2.2. Synthesis of ZnO nanoparticles
The low-temperature hydrothermal method was followed to synthesize ZnO nanoparticles [27]. Shortly, Zinc acetate dihydrate(0.1 M) was dispersed in ultrapure water (50 mL) and constantly stirred for 3 h. Then, NaOH solution (0.5 M) was slowly poured in the above solution until the pH attained was 8. At this time, the clear solution was gently turned into white suspension and stirred for another 2 h.After that,the suspension was taken in teflon-lined stainless steel autoclave and heated for 7 h at 150°C. Afterwards,the final product was separated by centrifugation method,washed thoroughly with ultrapure water and ethanol, and dried for 1 h at 60°C. Finally, the white powder of ZnO nanoparticle was successfully obtained.

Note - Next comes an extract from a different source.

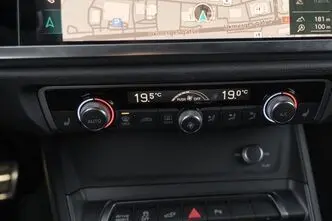 Audi Q3, 1.4, 110 kW, pistikhübriid, automaat, esivedu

2.3. Graphene oxide (GO) preparation
The modified Hummer’s method was performed to synthesize GO [27]. Briefly, 5g of graphite powder, 2.5 g of sodium nitrate(NaNO3) and 12 mL of concentrated sulphuric acid (H2SO4) were mixed and stirred for 1 h in an ice bath.Then,the oxidation agent of KMnO4(1.5 g)was gently added with constant stirring.The ice bath was removed,and then it was stirred at 40°C for 2 h.Later,50 mL of ultrapure water was slowly poured into the above solution and vigorously stirred for 30 min at 98°C. The addition of ultrapure water (300 mL) was followed by 30% of H2O2(20 mL) into the mixture, and the reaction process was stopped. The bottom end material was centrifuged and washed several times with ultrapure water until the pH of the supernatant was neutral. Finally, the brown powder of GO was obtained after dried for 2 h at 60°C.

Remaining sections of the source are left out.